In cases of serious and long-term opioid use disorder, a patient may need these supports indefinitely.
MAT makes it possible for the patient to function normally, attend school or work, and participate in other forms of treatment or recovery support services to help them become free of their substance use disorder over time.
8) “I’ve known a few people who could stop using opioids without help from any kind of medication. MAT is only for the weak.”
Though opioid abuse may begin with a series of poor judgments or risky decisions, addiction involves real, physical changes in neuronal circuits in the brain.
While some people are eventually able to quit using opioids on their own, the overwhelming majority of patients who try to abstain without MAT go though many dangerous cycles of relapse and recovery, risking harms, overdose and death..

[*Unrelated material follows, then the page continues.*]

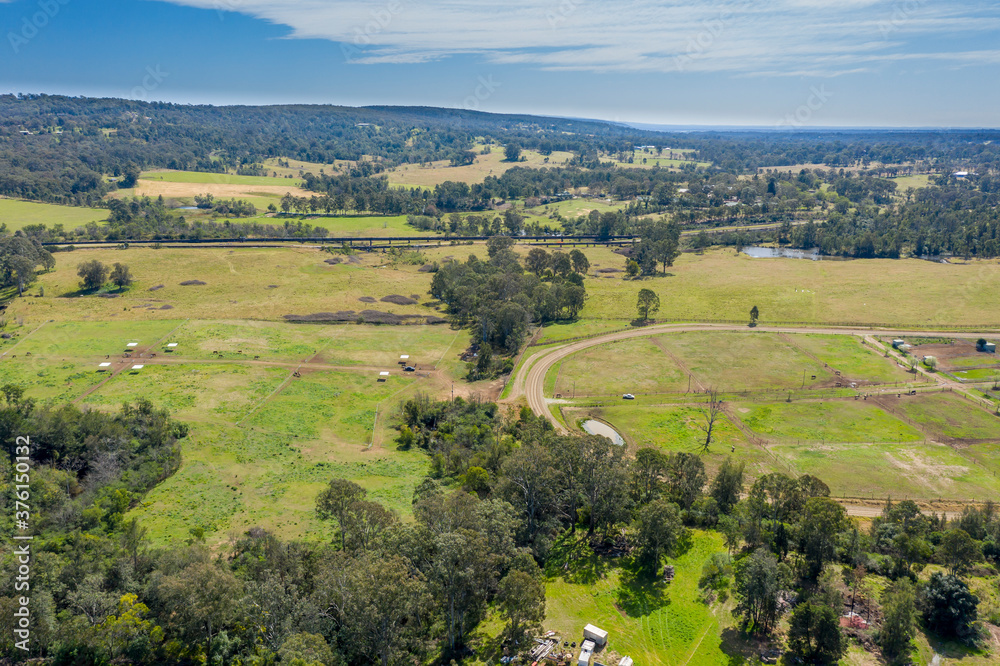 Farmland near Wallacia in regional New South Wales in Australia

MAT can make the recovery process much safer, and has saved many lives by preventing death from overdose or dangerous behaviors associated with unregulated “street” drug use.
9) Tolerance, dependence and addiction to opioids are the same thing.
When taking opioid medication to relieve pain, it’s possible your body will get used to the drug after a while.
You may need a higher dose to get the same level of relief.
This means you have developed a tolerance for it.
If you stop taking the medication altogether, although you may have increased pain, you shouldn’t feel any other ill effects.
Dependence, or physical dependence, occurs when you experience physical symptoms in addition to pain if you suddenly stop taking the drug. These symptoms may include nausea, vomiting and sweating.
People are addicted when they are dependent on the drug and continue to compulsively use the drug despite harmful consequences.
In the 20th century, when the UK made injectable morphine widely legally available, several highly respected physicians became dependent on morphine for their entire professional lives, completely unbeknownst to their colleagues, their patients or their families….dependent but not addicted, their drug dependence only revealed upon retirement.